Dataset entries:
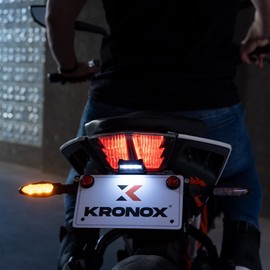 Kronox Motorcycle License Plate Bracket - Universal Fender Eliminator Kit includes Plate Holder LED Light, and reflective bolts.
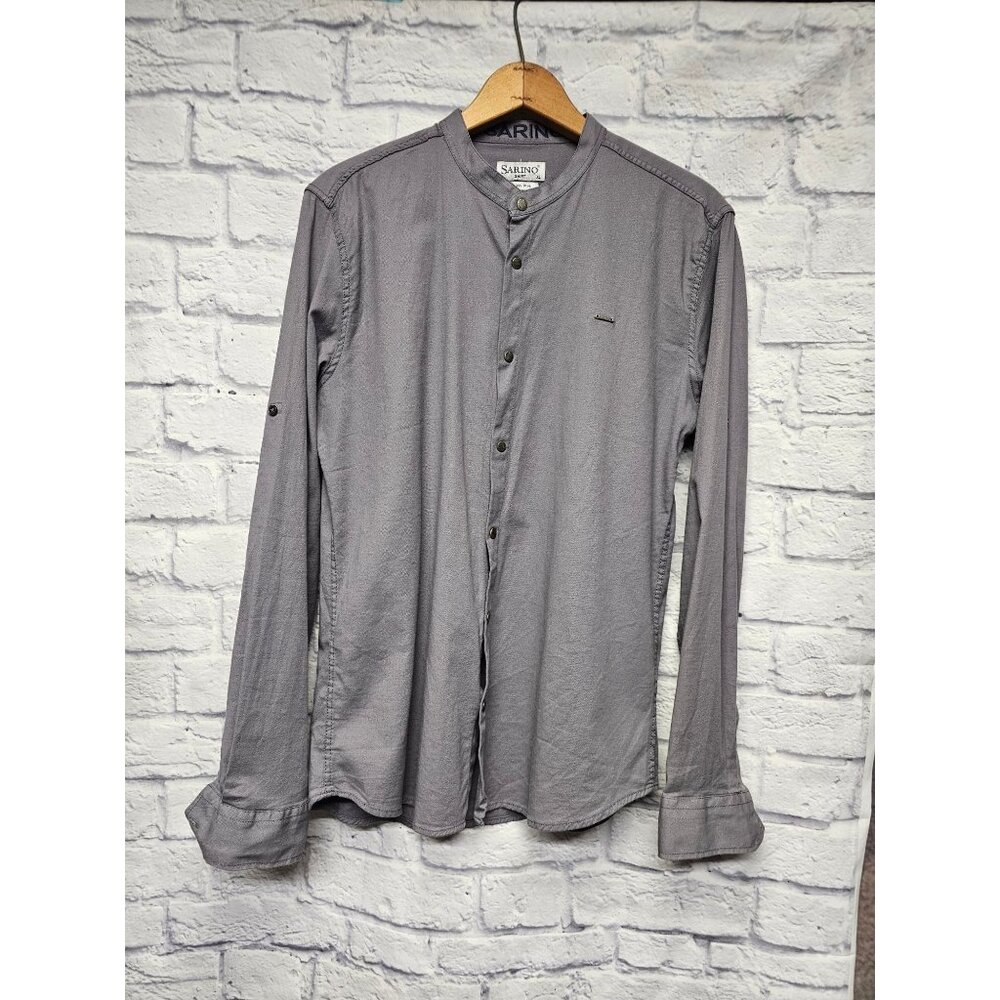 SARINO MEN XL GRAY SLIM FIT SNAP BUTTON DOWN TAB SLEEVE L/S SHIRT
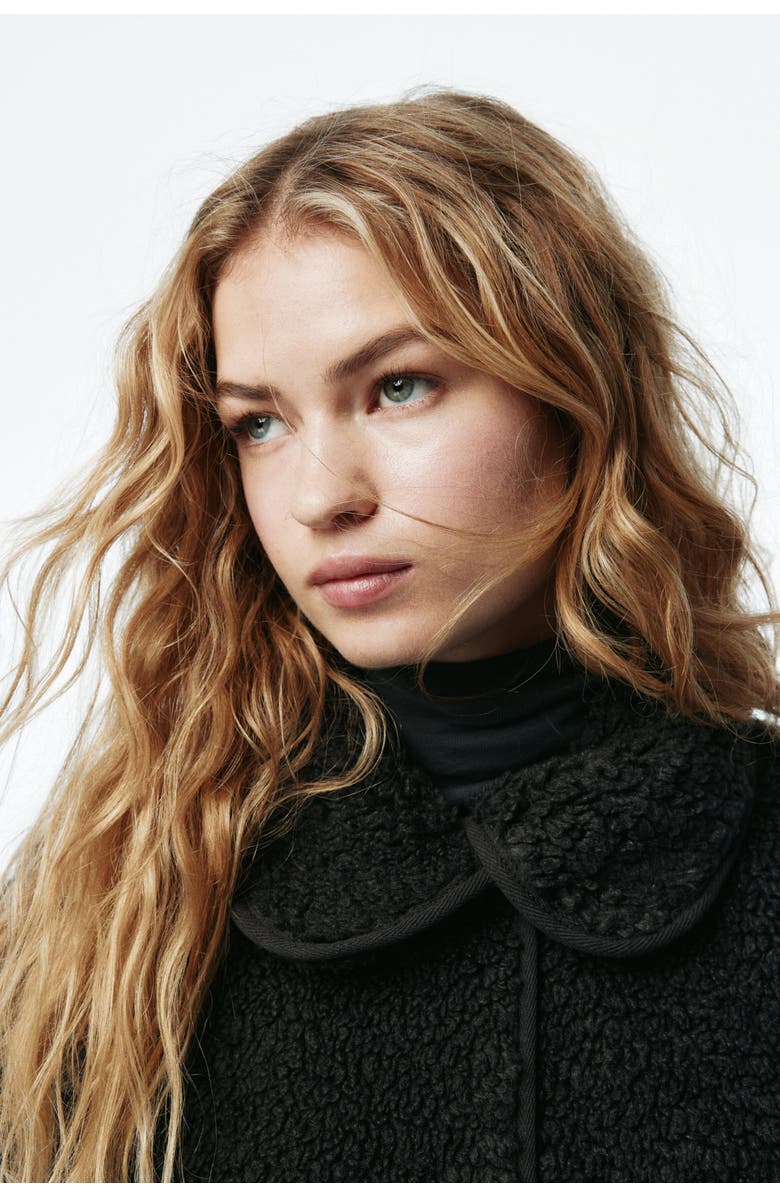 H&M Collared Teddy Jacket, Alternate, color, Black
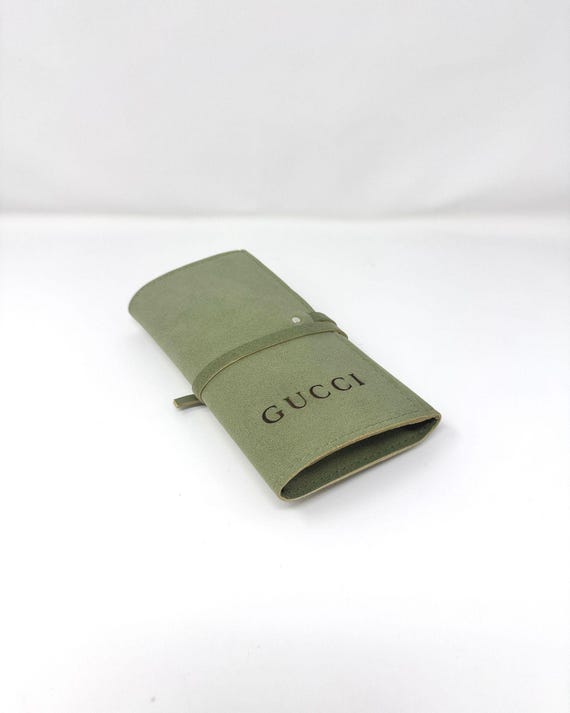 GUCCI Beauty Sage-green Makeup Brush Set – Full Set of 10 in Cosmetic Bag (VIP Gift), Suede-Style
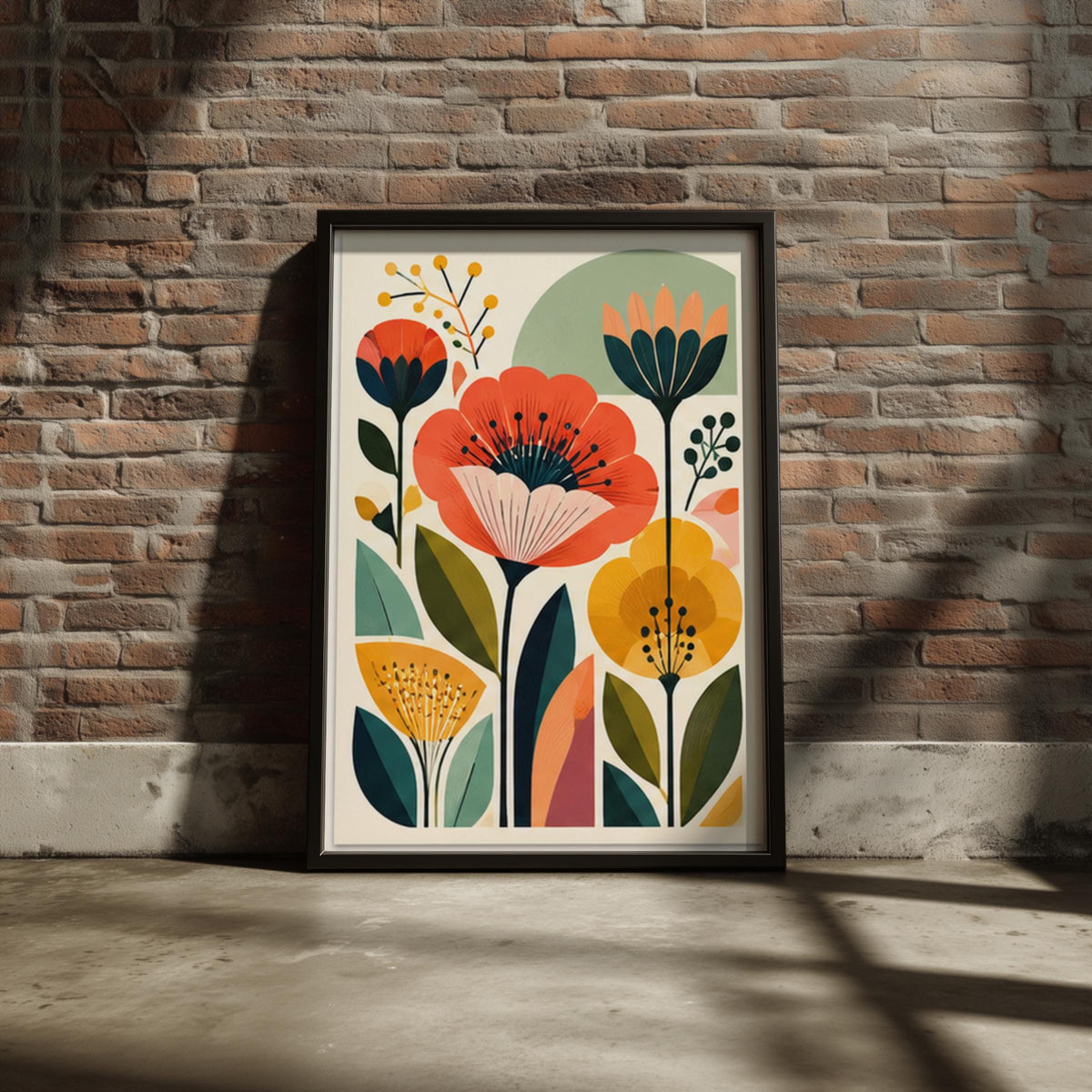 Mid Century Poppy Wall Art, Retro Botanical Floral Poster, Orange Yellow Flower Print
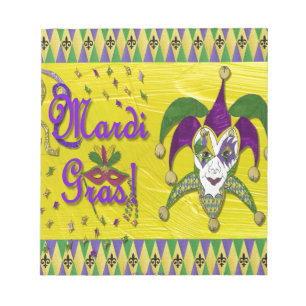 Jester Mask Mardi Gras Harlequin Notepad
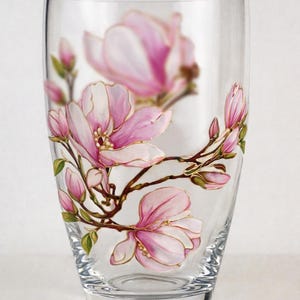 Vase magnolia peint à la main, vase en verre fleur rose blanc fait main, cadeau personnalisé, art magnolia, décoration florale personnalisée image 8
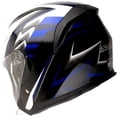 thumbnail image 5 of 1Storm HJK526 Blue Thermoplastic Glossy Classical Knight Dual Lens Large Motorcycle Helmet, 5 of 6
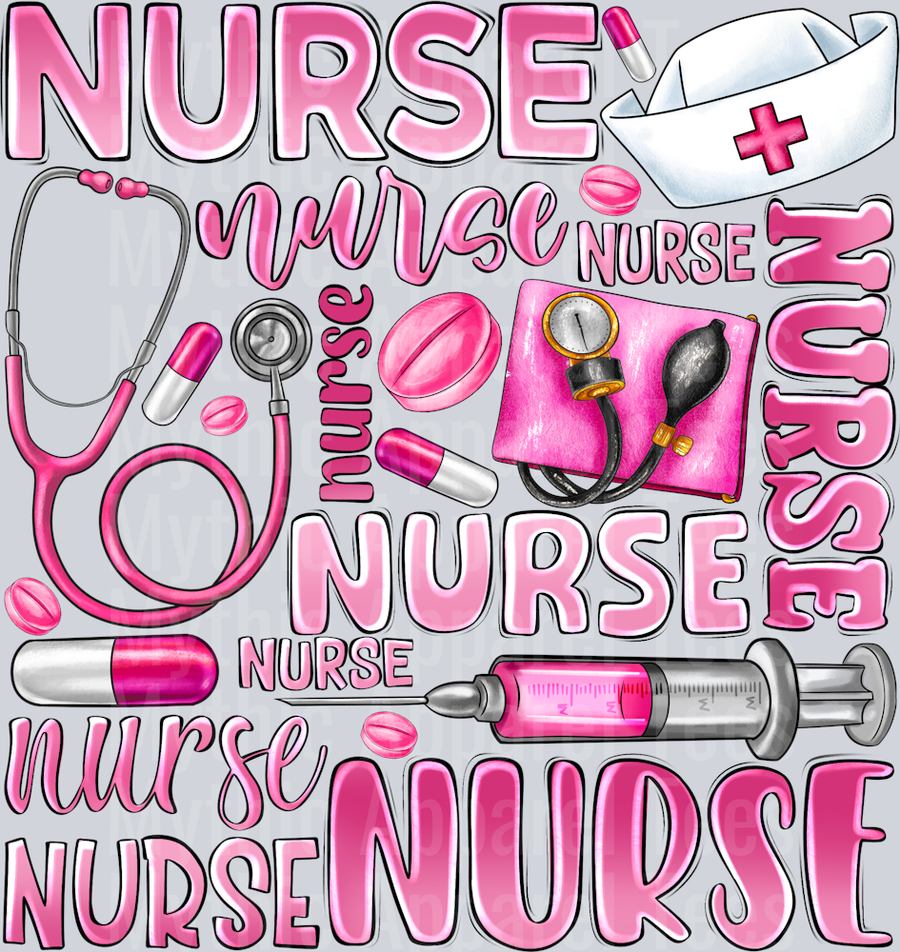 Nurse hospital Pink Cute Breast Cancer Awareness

Directions: Without including any picture, output all the material exactly as it appears.

Result of the task:
 Kronox Motorcycle License Plate Bracket - Universal Fender Eliminator Kit includes Plate Holder LED Light, and reflective bolts.
 SARINO MEN XL GRAY SLIM FIT SNAP BUTTON DOWN TAB SLEEVE L/S SHIRT
 H&M Collared Teddy Jacket, Alternate, color, Black
 GUCCI Beauty Sage-green Makeup Brush Set – Full Set of 10 in Cosmetic Bag (VIP Gift), Suede-Style
 Mid Century Poppy Wall Art, Retro Botanical Floral Poster, Orange Yellow Flower Print
 Jester Mask Mardi Gras Harlequin Notepad
 Vase magnolia peint à la main, vase en verre fleur rose blanc fait main, cadeau personnalisé, art magnolia, décoration florale personnalisée image 8
 thumbnail image 5 of 1Storm HJK526 Blue Thermoplastic Glossy Classical Knight Dual Lens Large Motorcycle Helmet, 5 of 6
 Nurse hospital Pink Cute Breast Cancer Awareness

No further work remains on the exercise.